For example, if the input sequence is { A(id=1), B(id=1) } the join should match. Same for { B(id=1), A(id=1) }. The order could be chaotic, for example the sequence { A(id=1), B(id=2), B(id=4), B(id=2) } should not match and { A(id=1), B(id=2), B(id=4), A(id=2) } should match on "id=2".

This solution uses match-recognize for pattern detection for two reasons. One, the "id" value could be seen as a partition and the pattern matching should take place within each individual "id" partition. Second, match-recognize allows us to specify a data window within which to match patterns. So when events leave the data window the engine can forget the partition.

Sample statement:

select * from MyEvent.win:length(10)
match_recognize (
  partition by value
  measures E1.value as value
  pattern (E1 E2 | E2 E1)
  define
    E1 as E1.string = 'A',
    E2 as E2.string = 'B'
)

Note the length-window: when a given event does not match, that event will eventually leave the window and the partition for that "id" value gets removed from memory by the engine. Also, when a match occurs in a partition and no remaining matches are active for the same partition the engine removes that partition, reducing memory use.

[top]


I have a port scan detector and would like to create a new event based on multiple events occurring over a given period of time?
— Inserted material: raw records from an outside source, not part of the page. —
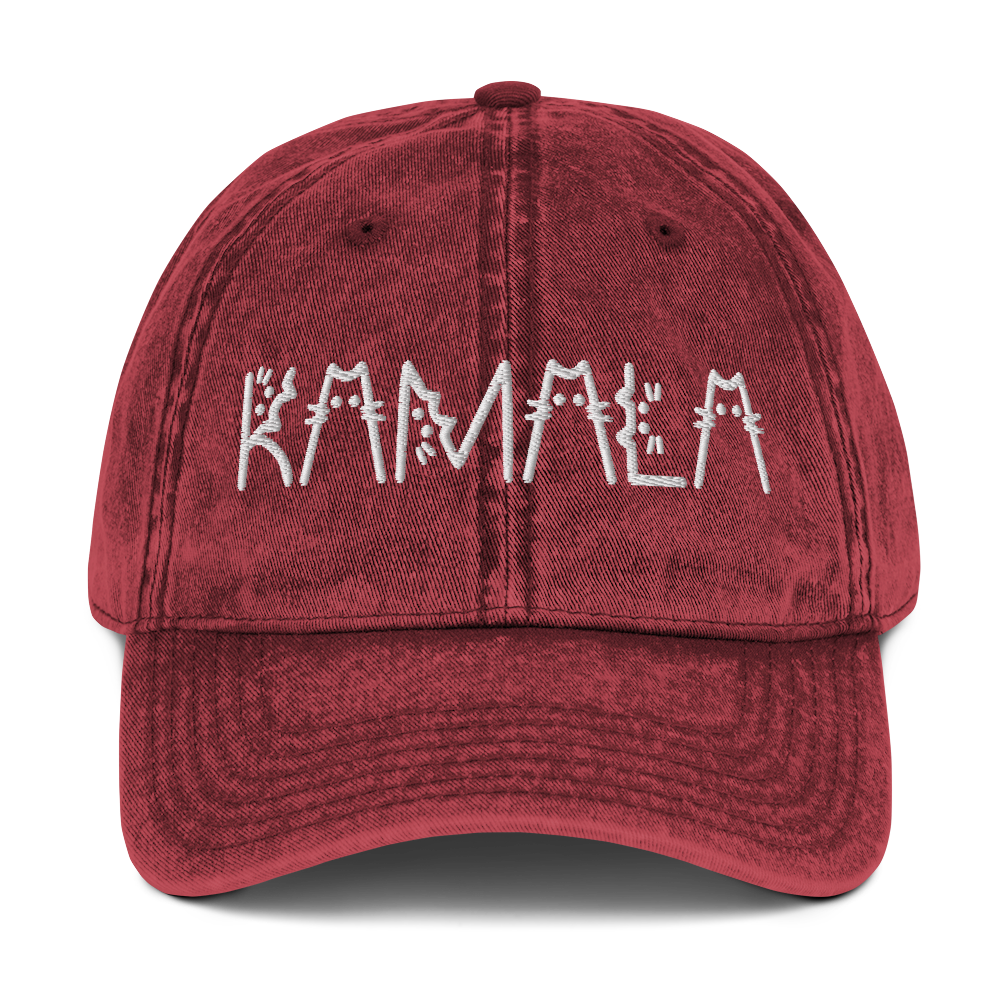 Kamala Cat Alphabet Vintage Dad Hat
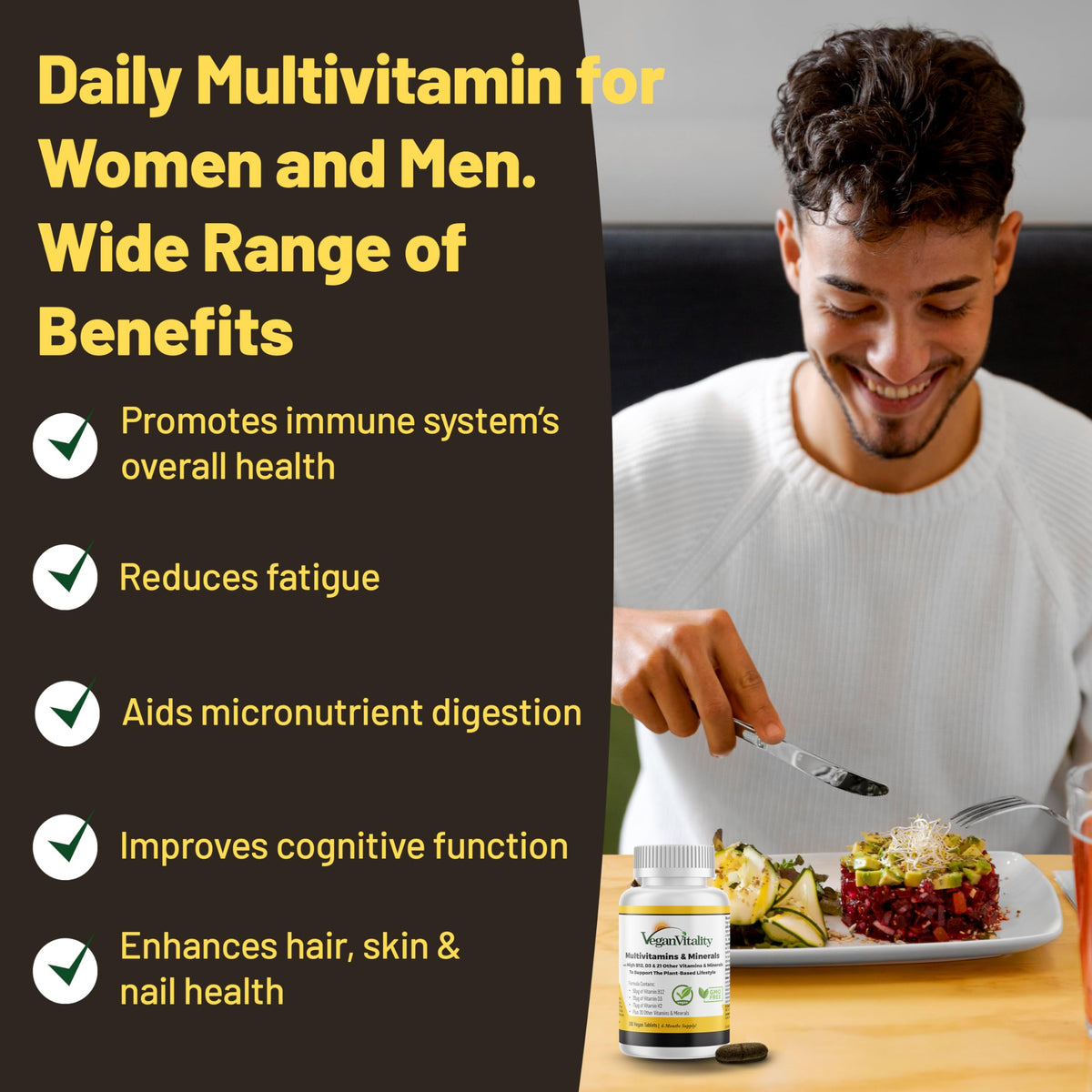 Vegan Vitality Multivitamin for Women & Men - 180 Tablets - image 2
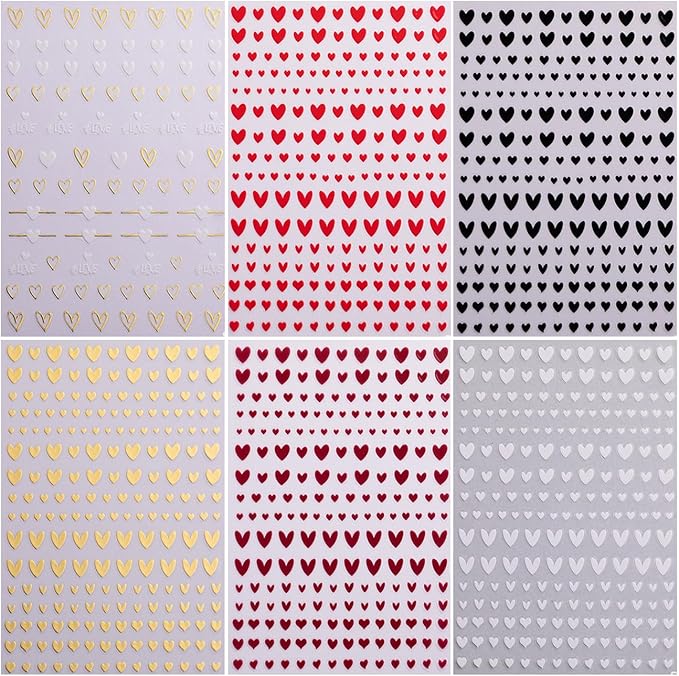 Heart Nail Stickers Decals for Nail Art, 6Sheets 3D Self Adhesive Hearts Nail Art Stickers for Women Gold Black White Red Heart Love Patterns Elegant Design DIY Valentines Manicure Accessories
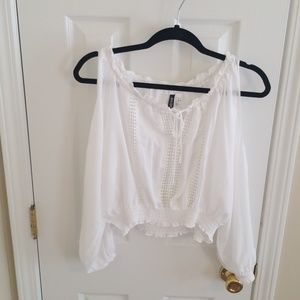 White Divided Crop Blouse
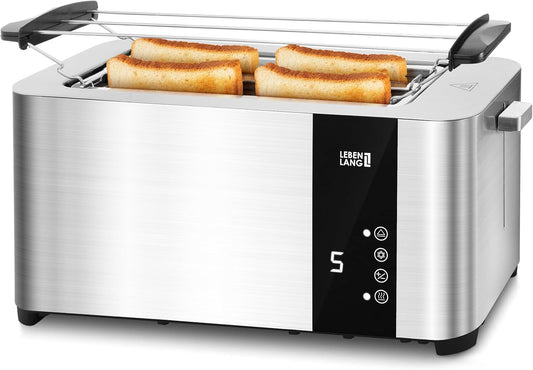 LEBENLANG Broodrooster met Lange Sleuf – 4 Sneetjes – Touchscreen LED – 7 Bruiningsstanden – 1400W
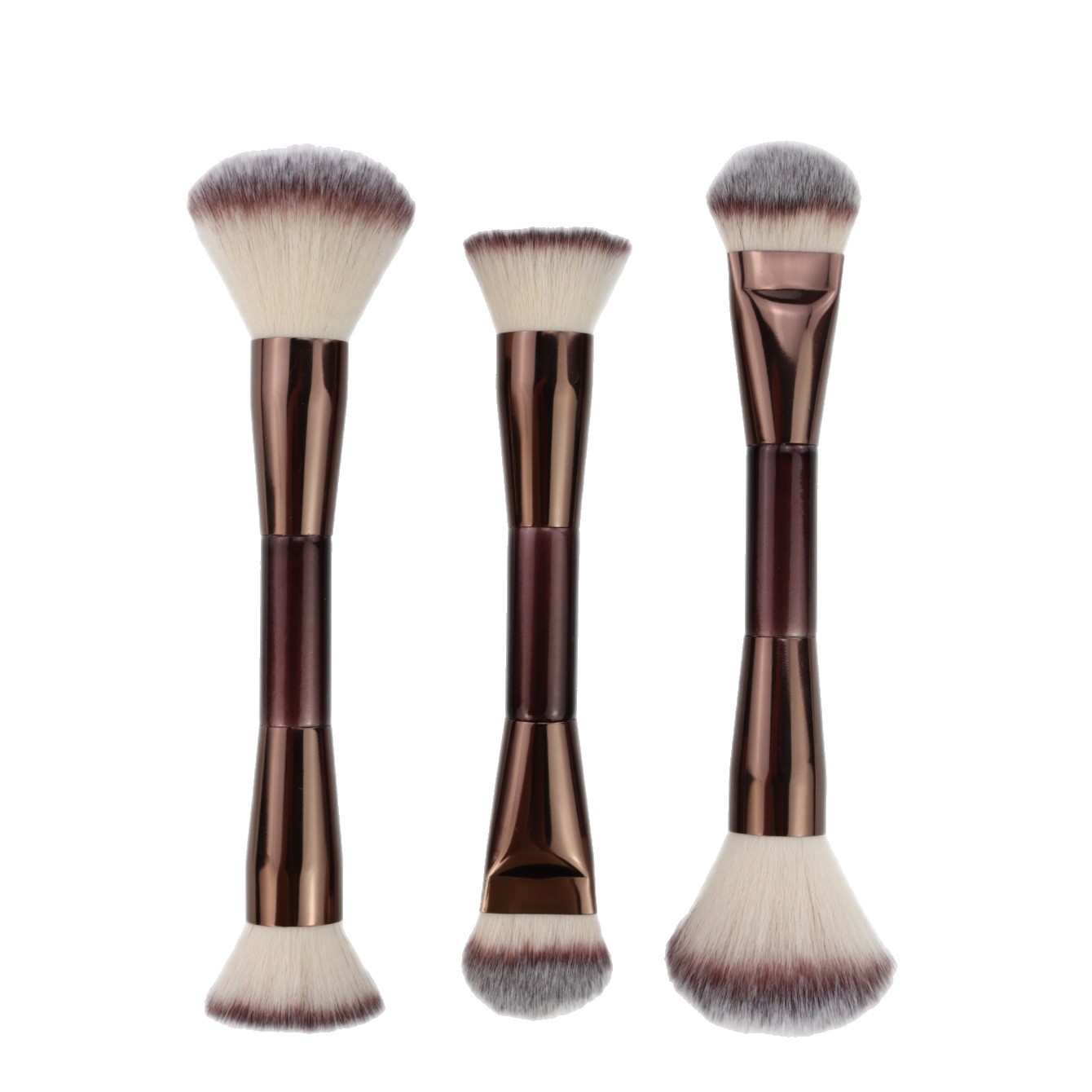 Double Ended Face Makeup Brushes for Liquid Foundation Concealer Blush Brush Customize Logo Vegan Soft Powder Make up Brush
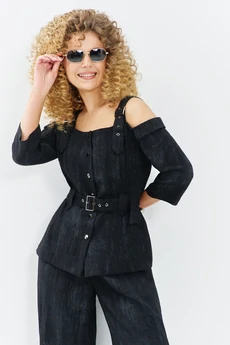 Костюм брючный 713 черный меланж Euro Moda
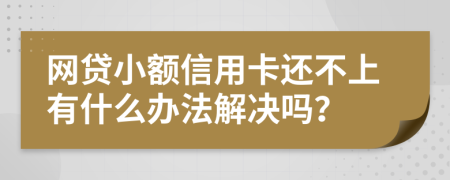 网贷小额信用卡还不上有什么办法解决吗？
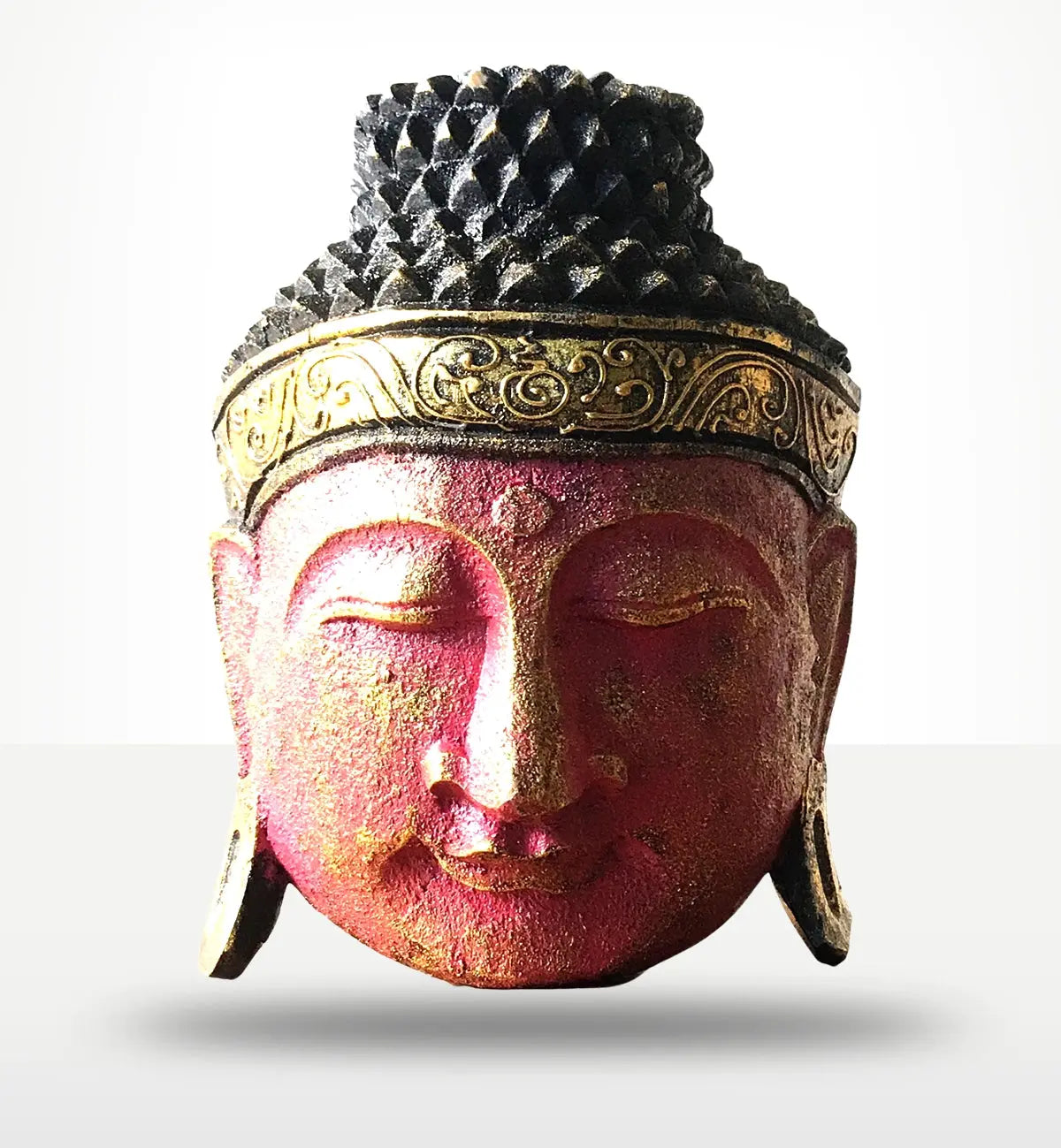 Home Decoration Buddha Head - 25cm - Red Shine Finish featuring a serene Buddha face with intricate detailing and a textured black and gold top, perfect for Buddha decor.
Events are port scan events and have the following fields:

create schema PortScanEvent(src string, dst string, port int, marker string)

A sample event may look like this:

PortScanEvent = {src = '10.0.0.1', dst = '10.0.0.2', port = 16, marker = 'm1'}

We want detect and report a port scan situation.

A port scan situation starts when for 30 seconds there are 20 or more events unique by port for a given combination of {src, dst}. The output event should have {type='DETECTED'} and include a marker list and ports.

After the port scan situation has been detected, there are additional output events that should occur every minute, on the minute.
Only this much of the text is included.